Exercise objective: After locating the line with "Rádio Boa Nova" in the data that follows, return it and every later line exactly, up to and including the line with "Carte De Visite".

____ The input

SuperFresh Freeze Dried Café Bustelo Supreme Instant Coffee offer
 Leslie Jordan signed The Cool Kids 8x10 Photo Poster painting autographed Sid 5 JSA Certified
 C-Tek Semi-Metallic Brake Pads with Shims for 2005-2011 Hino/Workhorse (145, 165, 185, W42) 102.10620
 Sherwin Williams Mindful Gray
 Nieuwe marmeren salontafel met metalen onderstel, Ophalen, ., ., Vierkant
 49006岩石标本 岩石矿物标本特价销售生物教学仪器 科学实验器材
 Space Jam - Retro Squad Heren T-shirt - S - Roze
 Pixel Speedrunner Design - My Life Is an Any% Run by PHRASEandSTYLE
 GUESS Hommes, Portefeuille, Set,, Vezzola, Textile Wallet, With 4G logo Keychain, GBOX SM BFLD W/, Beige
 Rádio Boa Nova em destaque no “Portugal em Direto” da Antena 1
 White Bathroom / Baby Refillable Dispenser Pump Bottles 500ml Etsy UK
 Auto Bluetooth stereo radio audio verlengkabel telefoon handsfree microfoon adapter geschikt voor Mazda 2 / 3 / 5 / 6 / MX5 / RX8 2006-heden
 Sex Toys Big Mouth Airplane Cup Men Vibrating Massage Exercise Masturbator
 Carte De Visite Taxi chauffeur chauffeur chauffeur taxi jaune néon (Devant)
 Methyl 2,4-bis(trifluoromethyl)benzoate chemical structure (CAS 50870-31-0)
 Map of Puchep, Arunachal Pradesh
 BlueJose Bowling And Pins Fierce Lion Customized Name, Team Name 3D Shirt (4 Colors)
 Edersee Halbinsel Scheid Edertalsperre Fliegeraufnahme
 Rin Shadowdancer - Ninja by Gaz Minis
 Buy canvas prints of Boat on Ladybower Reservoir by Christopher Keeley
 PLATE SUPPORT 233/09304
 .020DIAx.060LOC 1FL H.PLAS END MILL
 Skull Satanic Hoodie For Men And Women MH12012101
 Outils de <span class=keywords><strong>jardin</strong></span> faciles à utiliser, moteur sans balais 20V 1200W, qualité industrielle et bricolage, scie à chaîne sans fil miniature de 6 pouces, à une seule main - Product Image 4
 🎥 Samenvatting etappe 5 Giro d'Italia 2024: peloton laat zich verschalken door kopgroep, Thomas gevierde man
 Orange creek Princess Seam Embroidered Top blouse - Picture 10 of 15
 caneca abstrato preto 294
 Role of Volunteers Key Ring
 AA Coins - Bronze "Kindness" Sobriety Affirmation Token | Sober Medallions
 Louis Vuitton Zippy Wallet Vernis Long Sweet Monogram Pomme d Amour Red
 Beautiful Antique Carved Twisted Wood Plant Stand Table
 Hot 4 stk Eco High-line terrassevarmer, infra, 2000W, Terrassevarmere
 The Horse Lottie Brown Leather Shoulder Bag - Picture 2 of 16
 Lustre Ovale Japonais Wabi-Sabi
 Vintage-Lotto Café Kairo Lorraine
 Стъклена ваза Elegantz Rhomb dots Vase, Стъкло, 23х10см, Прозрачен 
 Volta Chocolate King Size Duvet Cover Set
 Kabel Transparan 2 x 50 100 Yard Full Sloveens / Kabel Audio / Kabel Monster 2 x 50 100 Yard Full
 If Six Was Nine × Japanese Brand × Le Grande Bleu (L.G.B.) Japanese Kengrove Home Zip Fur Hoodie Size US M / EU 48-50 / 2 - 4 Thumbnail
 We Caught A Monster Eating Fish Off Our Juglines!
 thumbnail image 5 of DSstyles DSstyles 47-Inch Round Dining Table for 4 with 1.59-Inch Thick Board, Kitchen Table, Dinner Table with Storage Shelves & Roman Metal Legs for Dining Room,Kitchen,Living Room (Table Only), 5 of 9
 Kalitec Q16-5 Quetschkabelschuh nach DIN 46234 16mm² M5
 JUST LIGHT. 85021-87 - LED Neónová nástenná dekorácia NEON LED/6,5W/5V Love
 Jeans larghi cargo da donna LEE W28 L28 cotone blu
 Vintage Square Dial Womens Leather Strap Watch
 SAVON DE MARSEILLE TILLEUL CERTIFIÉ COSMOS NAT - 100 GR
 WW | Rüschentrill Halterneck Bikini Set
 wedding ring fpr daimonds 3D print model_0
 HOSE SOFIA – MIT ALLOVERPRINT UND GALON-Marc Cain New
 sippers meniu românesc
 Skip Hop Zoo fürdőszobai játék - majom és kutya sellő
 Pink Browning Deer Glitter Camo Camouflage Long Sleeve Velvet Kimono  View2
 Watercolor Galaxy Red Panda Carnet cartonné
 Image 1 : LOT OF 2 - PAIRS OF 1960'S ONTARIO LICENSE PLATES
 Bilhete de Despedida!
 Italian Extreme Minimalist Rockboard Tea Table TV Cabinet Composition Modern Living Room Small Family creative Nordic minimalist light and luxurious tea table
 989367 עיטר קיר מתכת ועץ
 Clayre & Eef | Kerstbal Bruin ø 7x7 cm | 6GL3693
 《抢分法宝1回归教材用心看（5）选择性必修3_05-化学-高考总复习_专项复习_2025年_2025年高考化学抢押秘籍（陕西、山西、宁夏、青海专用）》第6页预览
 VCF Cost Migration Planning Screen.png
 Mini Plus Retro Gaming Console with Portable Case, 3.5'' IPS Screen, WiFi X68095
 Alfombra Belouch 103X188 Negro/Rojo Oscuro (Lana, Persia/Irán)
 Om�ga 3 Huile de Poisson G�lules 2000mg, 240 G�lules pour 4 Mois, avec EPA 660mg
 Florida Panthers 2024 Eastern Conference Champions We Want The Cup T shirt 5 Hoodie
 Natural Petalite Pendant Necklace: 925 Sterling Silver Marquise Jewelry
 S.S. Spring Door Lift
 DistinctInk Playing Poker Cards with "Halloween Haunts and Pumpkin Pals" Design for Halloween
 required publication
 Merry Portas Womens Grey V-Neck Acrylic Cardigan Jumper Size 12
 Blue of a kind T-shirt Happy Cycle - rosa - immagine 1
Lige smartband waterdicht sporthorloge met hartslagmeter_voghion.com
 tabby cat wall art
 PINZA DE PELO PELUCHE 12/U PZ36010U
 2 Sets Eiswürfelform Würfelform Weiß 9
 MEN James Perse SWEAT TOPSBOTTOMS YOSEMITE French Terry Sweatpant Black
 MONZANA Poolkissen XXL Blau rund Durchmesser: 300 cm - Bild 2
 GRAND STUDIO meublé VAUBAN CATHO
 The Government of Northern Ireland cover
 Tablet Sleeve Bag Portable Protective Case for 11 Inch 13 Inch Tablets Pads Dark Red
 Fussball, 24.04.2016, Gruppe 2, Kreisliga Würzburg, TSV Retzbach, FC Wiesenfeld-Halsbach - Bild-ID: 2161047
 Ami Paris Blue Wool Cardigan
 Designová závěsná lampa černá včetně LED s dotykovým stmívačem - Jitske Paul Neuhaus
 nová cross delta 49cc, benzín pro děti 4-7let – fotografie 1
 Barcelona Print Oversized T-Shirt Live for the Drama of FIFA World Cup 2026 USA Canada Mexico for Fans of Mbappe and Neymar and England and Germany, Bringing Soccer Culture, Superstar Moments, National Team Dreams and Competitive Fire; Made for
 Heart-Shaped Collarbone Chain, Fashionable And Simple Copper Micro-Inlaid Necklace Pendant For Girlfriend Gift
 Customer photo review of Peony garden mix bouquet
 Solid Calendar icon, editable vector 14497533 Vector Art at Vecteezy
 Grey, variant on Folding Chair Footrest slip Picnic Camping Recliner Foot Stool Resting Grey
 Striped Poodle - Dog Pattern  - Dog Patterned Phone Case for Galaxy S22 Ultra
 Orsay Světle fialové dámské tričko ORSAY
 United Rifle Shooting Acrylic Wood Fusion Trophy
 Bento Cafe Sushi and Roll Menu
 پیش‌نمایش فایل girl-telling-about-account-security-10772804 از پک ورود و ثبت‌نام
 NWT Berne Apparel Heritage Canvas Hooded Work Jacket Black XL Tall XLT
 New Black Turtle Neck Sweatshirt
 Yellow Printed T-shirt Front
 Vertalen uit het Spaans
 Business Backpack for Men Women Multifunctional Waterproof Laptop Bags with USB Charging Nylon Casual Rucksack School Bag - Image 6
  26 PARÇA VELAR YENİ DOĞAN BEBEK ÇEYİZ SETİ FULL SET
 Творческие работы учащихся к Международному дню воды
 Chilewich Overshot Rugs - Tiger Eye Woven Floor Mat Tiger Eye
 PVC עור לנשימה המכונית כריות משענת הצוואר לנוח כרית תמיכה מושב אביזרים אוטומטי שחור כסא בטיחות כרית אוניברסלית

________

Answer to this exercise:
 Rádio Boa Nova em destaque no “Portugal em Direto” da Antena 1
 White Bathroom / Baby Refillable Dispenser Pump Bottles 500ml Etsy UK
 Auto Bluetooth stereo radio audio verlengkabel telefoon handsfree microfoon adapter geschikt voor Mazda 2 / 3 / 5 / 6 / MX5 / RX8 2006-heden
 Sex Toys Big Mouth Airplane Cup Men Vibrating Massage Exercise Masturbator
 Carte De Visite Taxi chauffeur chauffeur chauffeur taxi jaune néon (Devant)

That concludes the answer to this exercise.